The timing of seasonal blooms often coincides with particular stages of the fish's calendar. In much of the Midwest, for example, anglers identify blooming lilacs as a sign that largemouth bass have entered into their pre-spawn stage. Such knowledge enables an angler to focus on high-percentage areas and narrow the selection of lures and techniques.
Nature is a web of interdependence with minute creatures supplying sustenance for larger creature, plants providing needed habitat, and even rock and mud proving essential to the insects and crayfish that so many species rely upon for food.
Aquatic vegetation provides a home for forage and predator species alike. Learn to distinguish the types of plant life that are most favorable to fish on your waters. Note the types of bottom content where it is found and the transitions from one type of plant and/or bottom type to another. Dialing into subtle connections like these may boost your understanding of the importance of habitat.

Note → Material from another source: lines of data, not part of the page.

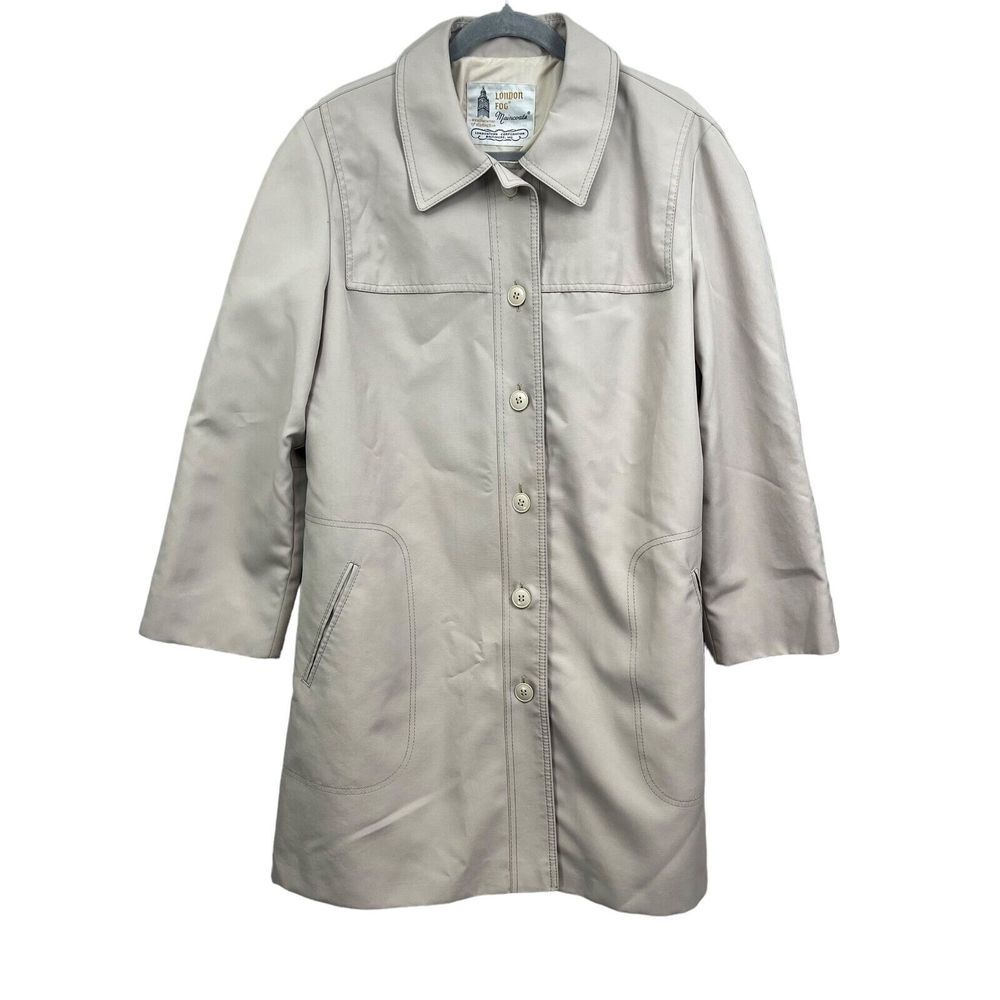 London‎ Fog Womens Trench Coat Weatherwear Button Up Lined Pockets Beige 20 Reg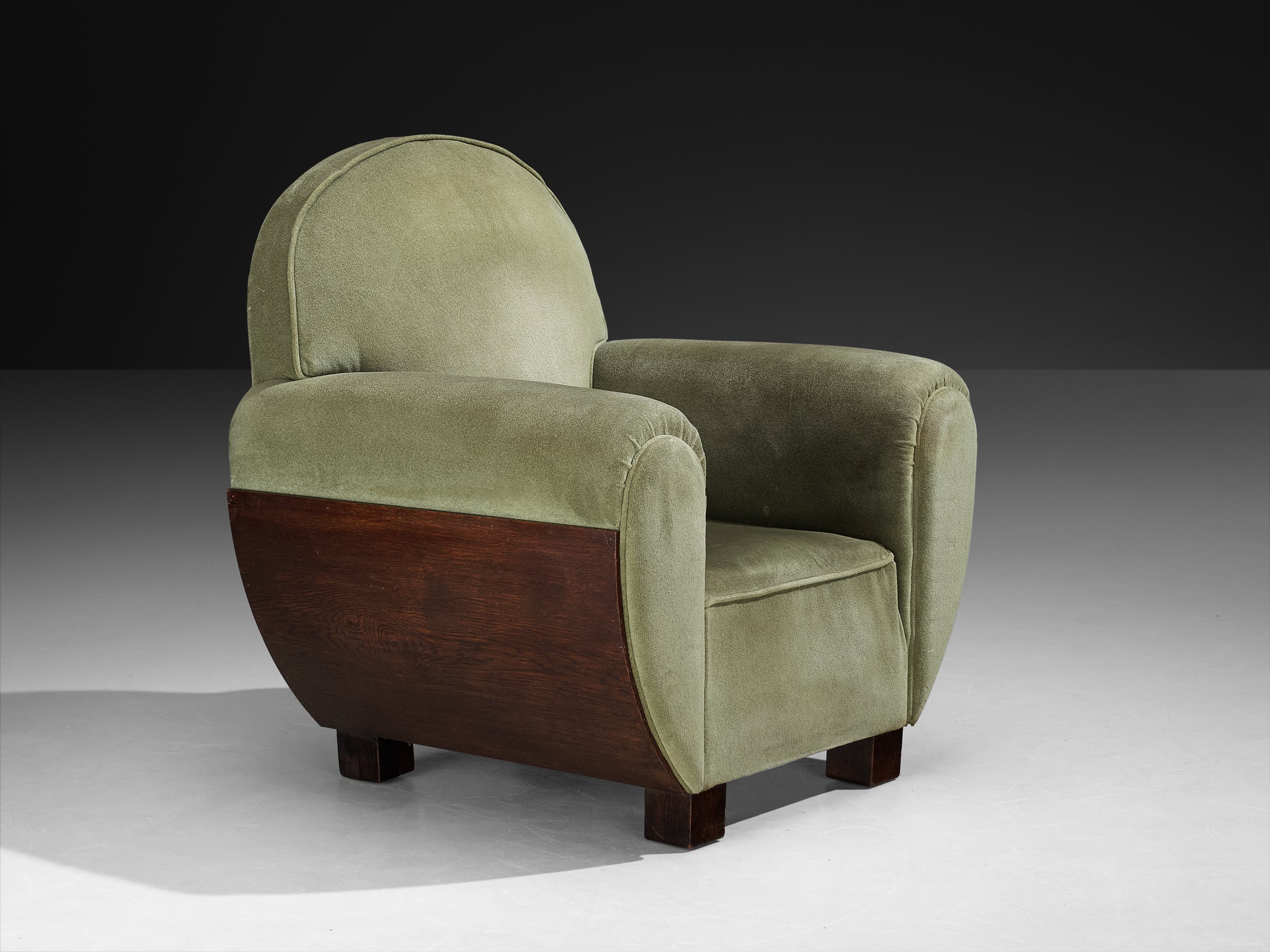 French Art Deco Club Chair in Oak and Fabric Seating Morentz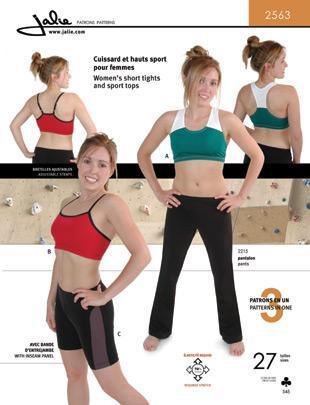 Jalie 4014 Coco Sport Bras Sewing Pattern in 28 Sizes for Women & Girls -  Crossover Back and Racer Back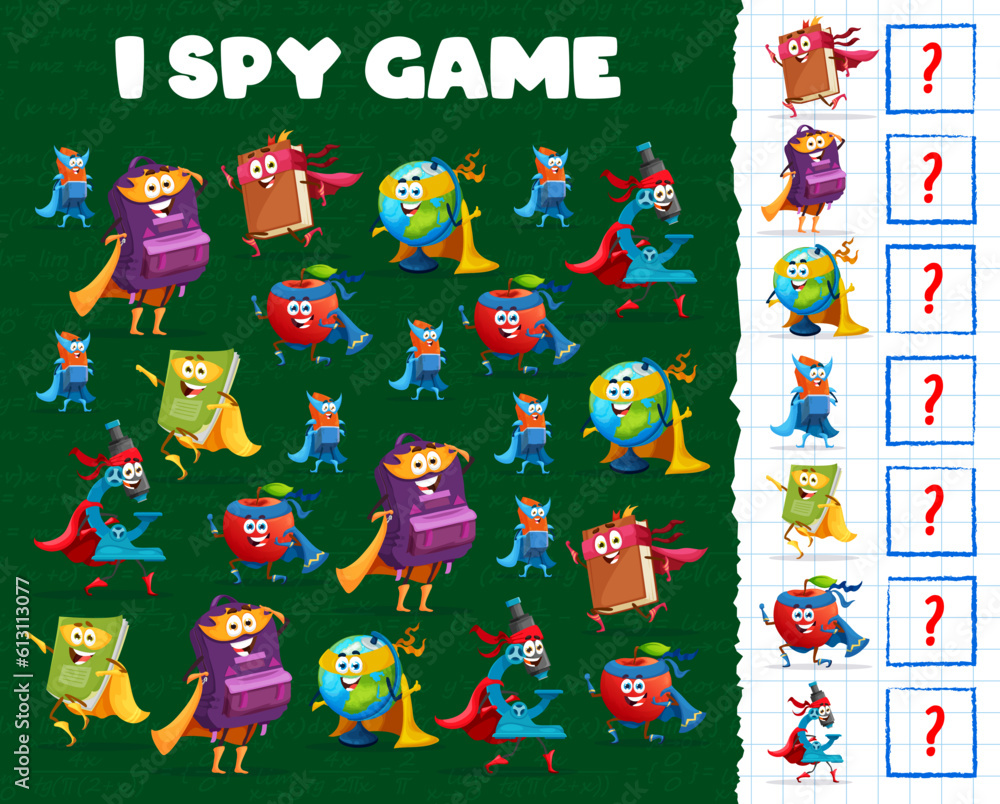 Wall mural I spy game worksheet cartoon stationery superhero characters. Kids vector game with educational textbook, rucksack, globe and eraser, notebook, apple or microscope student supplies, puzzle riddle page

Fish species interact as well. Largemouth bass and members of the sunfish family like bluegill are often found inhabiting the same areas. Feeding on insects, plankton and minnows, the smaller sunfish species provide important forage for bass. Find loads of those Snicker bar-sized bluegill and bass are likely to be nearby.
Similarly, walleye and perch often live together. The larger walleye - along with their sauger cousins - frequently feed on perch.
Hatches of mayflies, stoneflies, and other insects often set the stage for feeding spectacles. The sight of trout rising to the surface to sip newly hatched mayflies is a treat that never grows old. The wise fisherman takes advantage of these special morning and evening hatches to learn the locations of prime feeding and holding areas - and sometimes even the location of the kinds of big fish that light up the imagination.
If you are lucky to find a veteran fly fisherman who is willing to share his time and experience, have him tell you about the stages of insects and the categories of artificial flies in his fly box that imitate each. A good bass fishermen can deliver the same type of education relating the lures in his tackle trays to prime forage species.
Birdlife is abundant around most lakes and streams. Take in the beauty and diversity of these flying/swimming/wading creatures, but take time, too, to note their activity.
As noted earlier, circling gulls usually indicate the presence of baitfish and larger fish forcing them to the surface. But many fishermen regard the presence of loons as a more reliable indicator of nearby fish.
Redwing blackbirds love "edge" areas. You can see them often around emergent shoreline vegetation. One prominent bass pro recently credited a major tournament win to recognizing the presence of these distinctive and highly territorial birds.
Think of herons and egrets as fellow fishermen. They wade carefully in shallow areas fish are likely to inhabit. Eagles and osprey can capture fairly large fish in their talons sweeping down on an unsuspecting fish swimming near the surface. Pelicans, along with other species, plunge head-first to capture fish that may be several feet below the surface. To witness such activity is always a treat - as well as proof of fish presence!
Good fishermen are always alert to weather conditions and impending weather changes. Invariably, they relate changes like cold fronts and heavy rains to how they affect fish activity. They view an approaching weather system as a signal that a change in fish location and behavior is at hand and alter their tactics accordingly.
Bluebird skies following a cold front make us all feel like enjoying the outdoors, but often such conditions make for tough fishing. Periods of stable weather with a hazy build-up of cloud cover generally provide better conditions for fish and fishing success. Don't shy from overcast days or even a gentle rain. Some of the best catches come under such conditions.
Nature on the move
A general increase in animal activity on land and around the water's edge often corresponds to an increase in fish activity as well. Look for signs of frog and turtle movement, of baitfish dimpling the surface, and, of course, those heart-stopping swirls of predator activity around your boat or dock.
Of course, successful fishing and nature watching require that you blend into the natural environment. Move quietly and with stealth as you walk the bank, wade a stream or fish from a boat. You will see more - and catch more, too!
As useful as some of these clues can be to your fishing success, sharing these observations with friends and newcomers to fishing adds a dimension to fishing that hearkens back to the educations our primitive ancestors handed down to their offspring and members of their clan - the kind of knowledge upon which individual and group survival once relied!
Learn to enjoy and profit from every on-the-water experience. Convert your understanding into more productive time on the water. Immerse yourself n the world around you and recognize that you are an equally wondrous element in that world -- and steward to it!